EXERCISE INSTRUCTIONS => Skip every picture, and output exactly the lines starting at the one with "Wyndham Daria Dark" and running through the last line of the material below.
BEGIN DATA BELOW
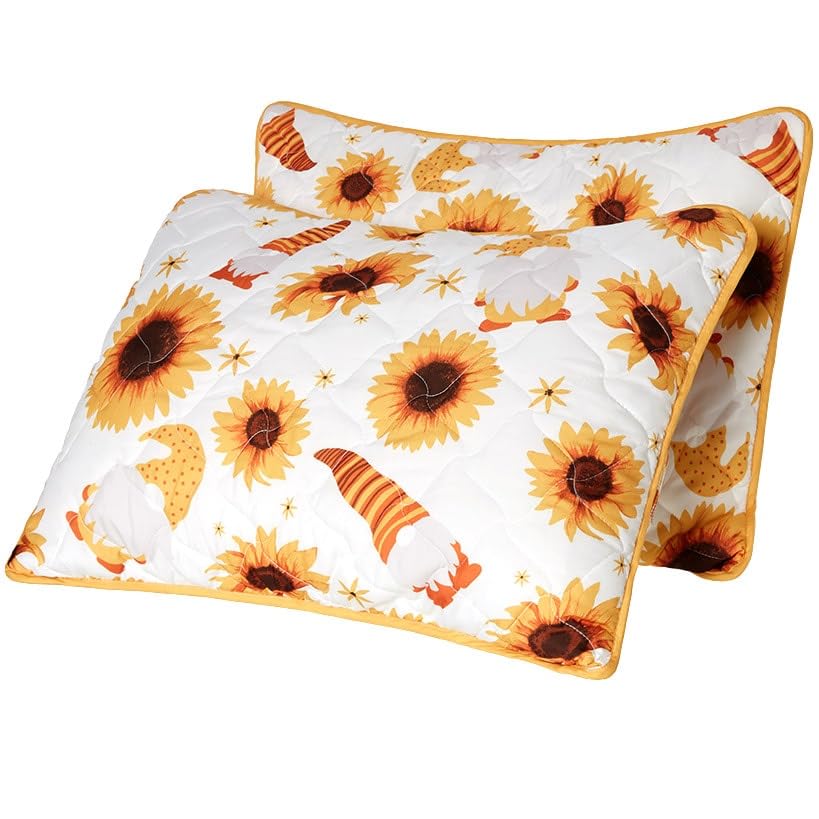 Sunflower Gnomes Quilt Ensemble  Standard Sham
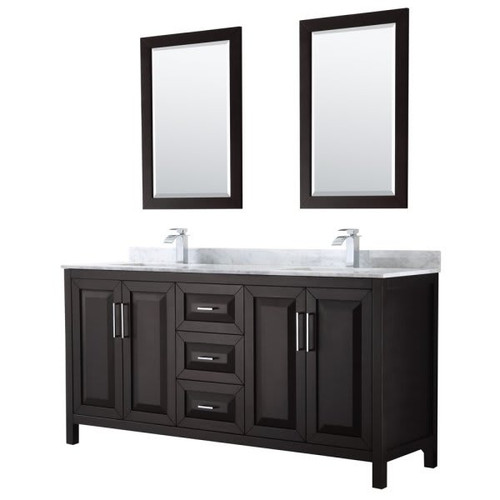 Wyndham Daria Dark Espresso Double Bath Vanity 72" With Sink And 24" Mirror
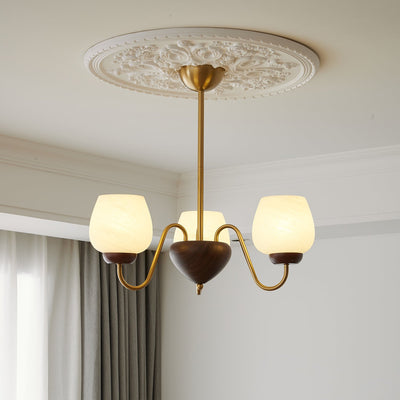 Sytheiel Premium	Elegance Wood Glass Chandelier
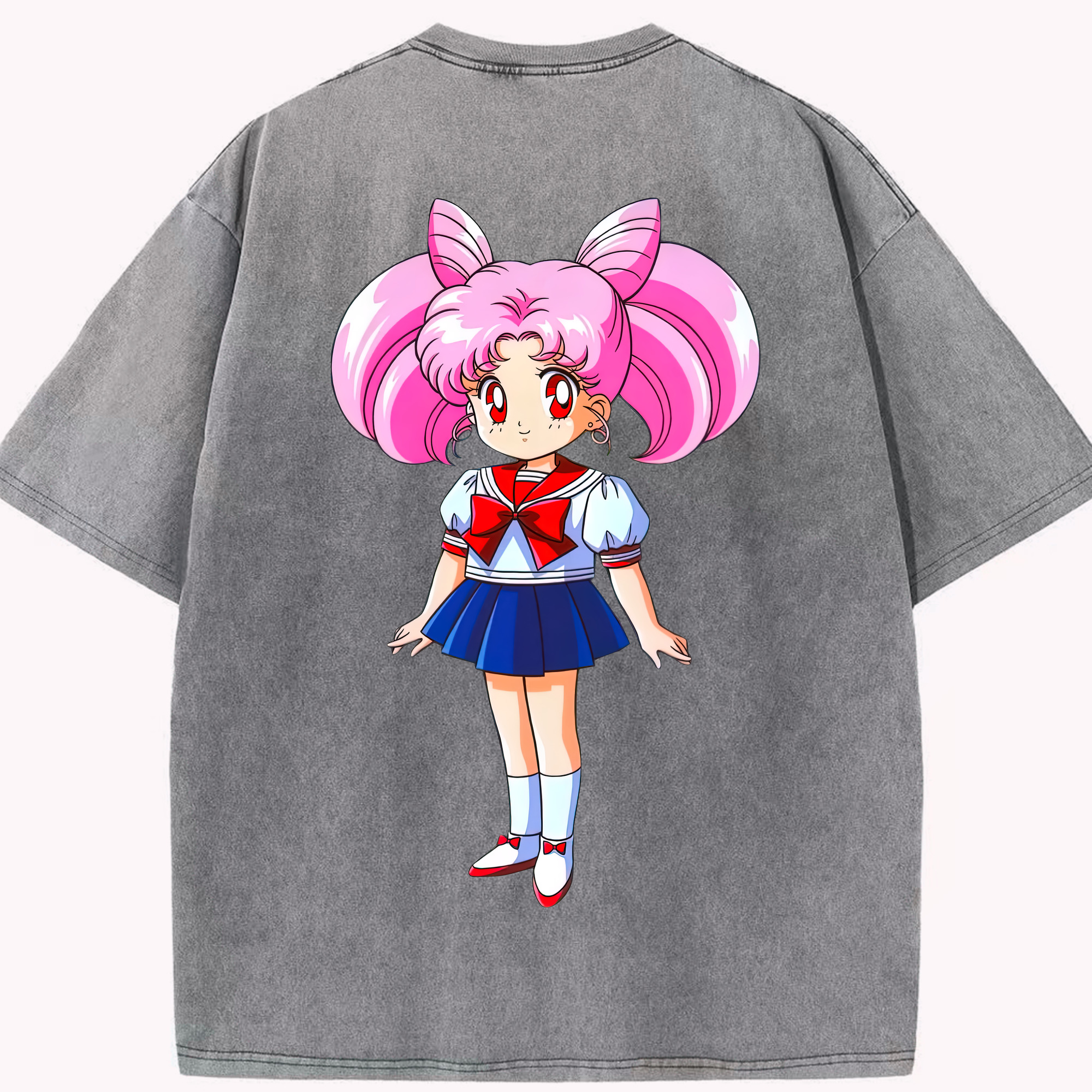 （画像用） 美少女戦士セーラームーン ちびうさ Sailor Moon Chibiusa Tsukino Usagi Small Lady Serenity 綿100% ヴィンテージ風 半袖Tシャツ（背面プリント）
END DATA BELOW
RESULT =>
 Wyndham Daria Dark Espresso Double Bath Vanity 72" With Sink And 24" Mirror
 Sytheiel Premium	Elegance Wood Glass Chandelier
 （画像用） 美少女戦士セーラームーン ちびうさ Sailor Moon Chibiusa Tsukino Usagi Small Lady Serenity 綿100% ヴィンテージ風 半袖Tシャツ（背面プリント）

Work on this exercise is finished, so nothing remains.